■ **WHAT YOU NEED TO DO**: Starting at the line below that contains "Elegant Loft w/ Balcony in Santa Bárbara" and ending at the line that contains "Hyundai Santa Fe 2023 — photo 1 of 8", retype each line exactly as it stands, but omit the pictures.

■ **SOURCE RECORDS**:
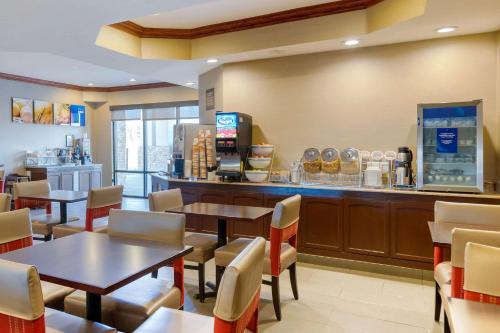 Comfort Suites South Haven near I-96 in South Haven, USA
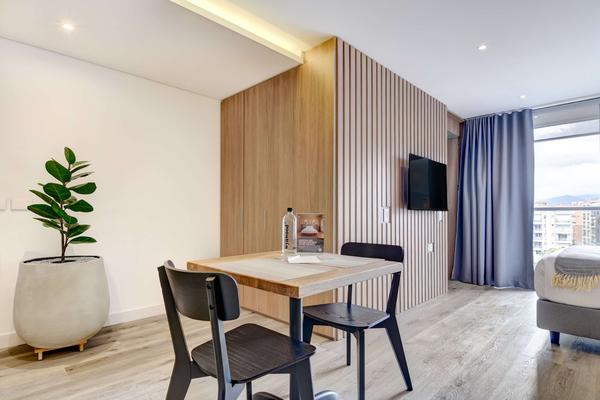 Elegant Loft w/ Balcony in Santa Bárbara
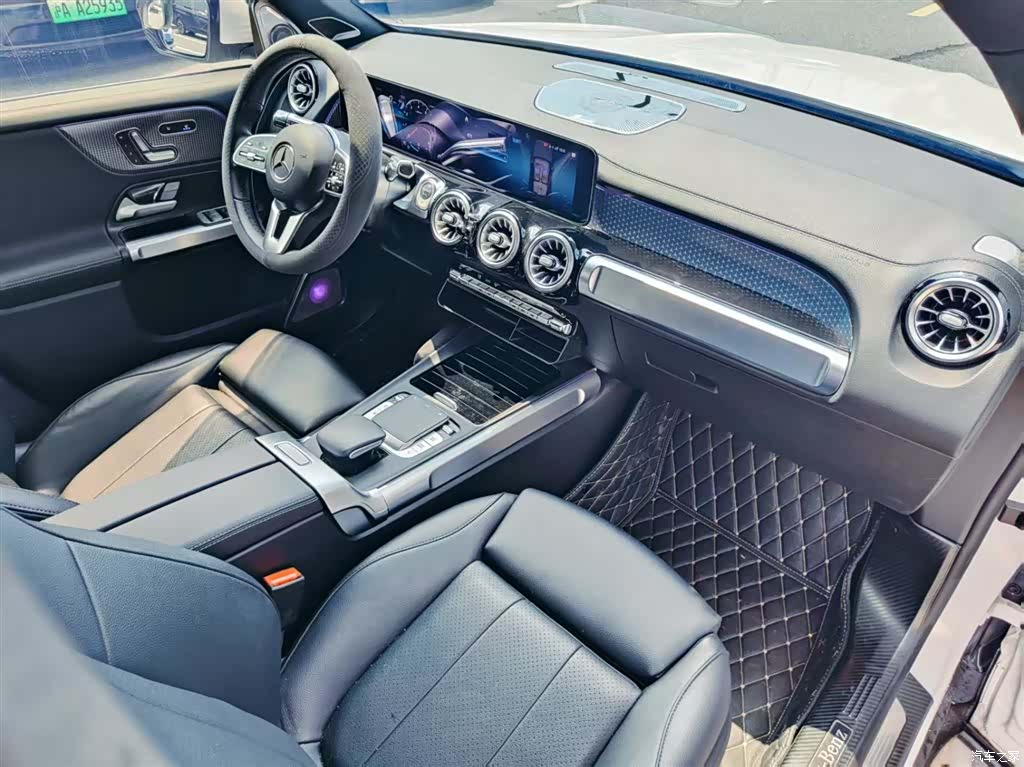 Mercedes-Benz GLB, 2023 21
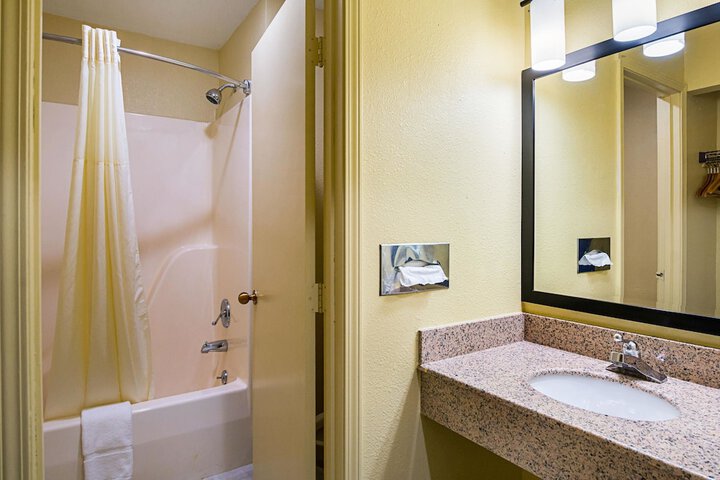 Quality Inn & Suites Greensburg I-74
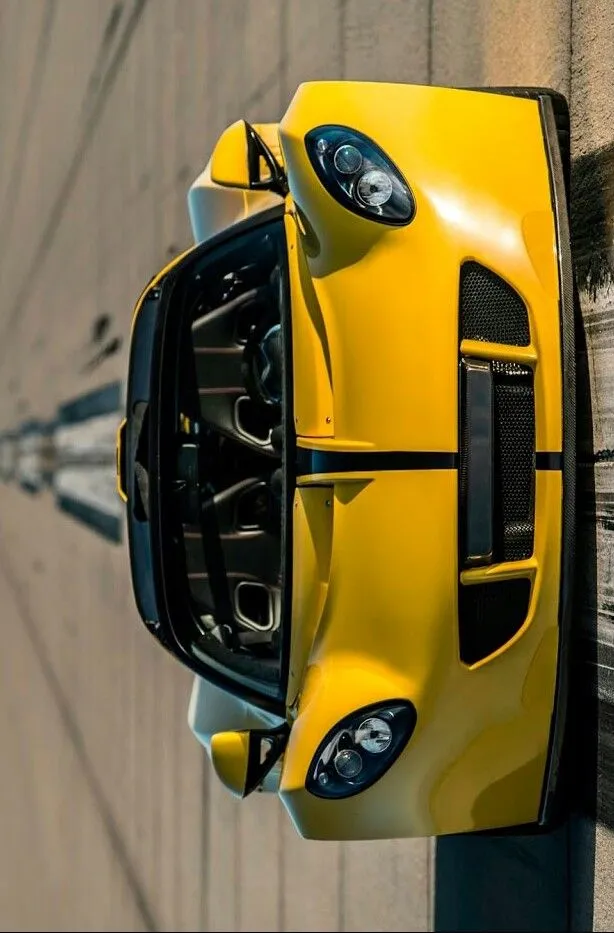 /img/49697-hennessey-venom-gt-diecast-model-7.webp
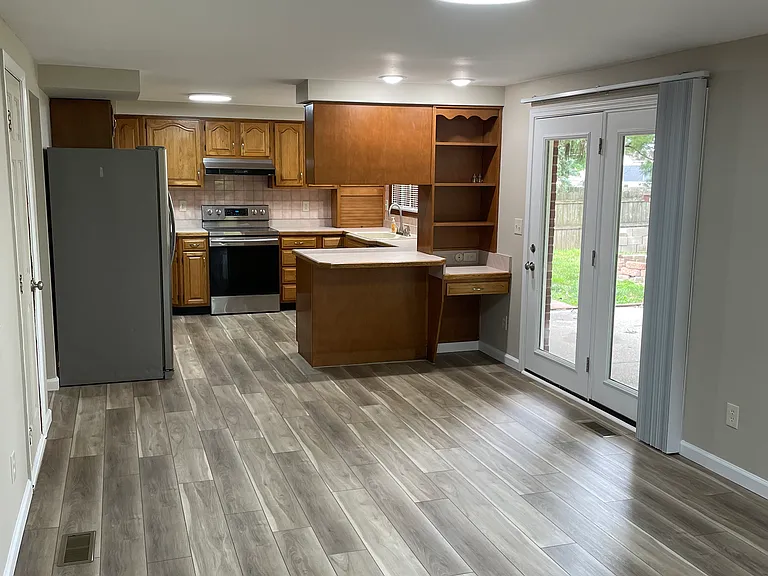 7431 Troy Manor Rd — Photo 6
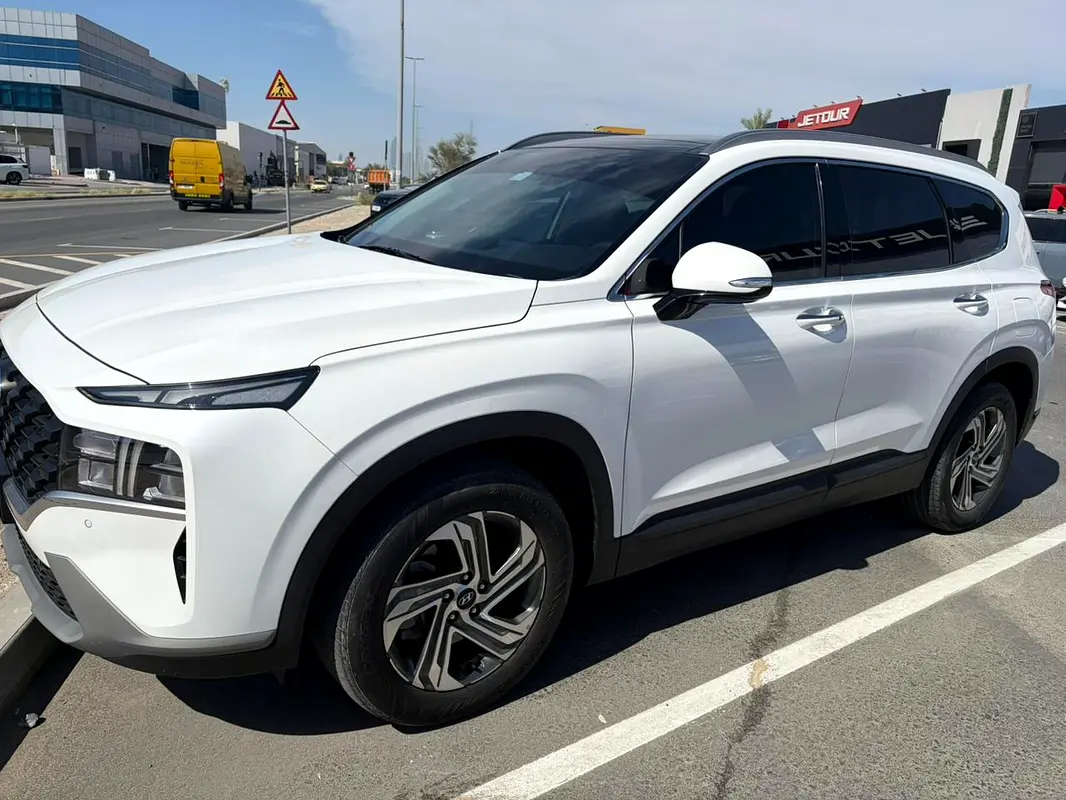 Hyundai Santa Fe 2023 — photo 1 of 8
--
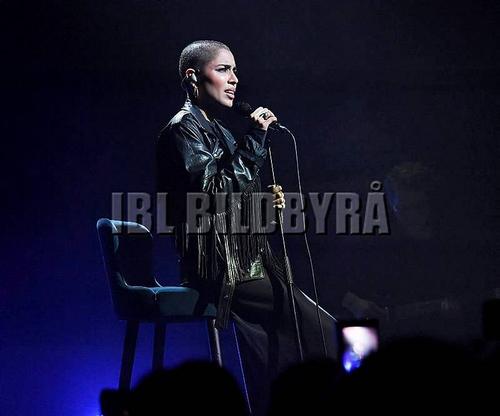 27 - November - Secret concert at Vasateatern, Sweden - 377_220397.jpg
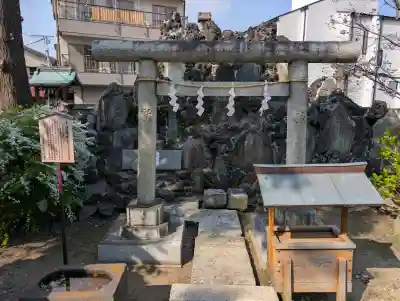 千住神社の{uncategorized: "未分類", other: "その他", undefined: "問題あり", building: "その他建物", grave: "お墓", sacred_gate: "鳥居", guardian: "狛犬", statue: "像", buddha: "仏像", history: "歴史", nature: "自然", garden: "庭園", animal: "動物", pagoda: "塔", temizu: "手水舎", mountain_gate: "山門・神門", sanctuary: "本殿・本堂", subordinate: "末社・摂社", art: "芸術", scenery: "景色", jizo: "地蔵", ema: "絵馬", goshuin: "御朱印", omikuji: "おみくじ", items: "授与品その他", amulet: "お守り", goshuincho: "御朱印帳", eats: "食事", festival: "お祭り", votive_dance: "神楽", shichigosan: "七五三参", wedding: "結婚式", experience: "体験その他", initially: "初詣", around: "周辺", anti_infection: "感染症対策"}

■ **EXPECTED OUTPUT**:
 Elegant Loft w/ Balcony in Santa Bárbara
 Mercedes-Benz GLB, 2023 21
 Quality Inn & Suites Greensburg I-74
 /img/49697-hennessey-venom-gt-diecast-model-7.webp
 7431 Troy Manor Rd — Photo 6
 Hyundai Santa Fe 2023 — photo 1 of 8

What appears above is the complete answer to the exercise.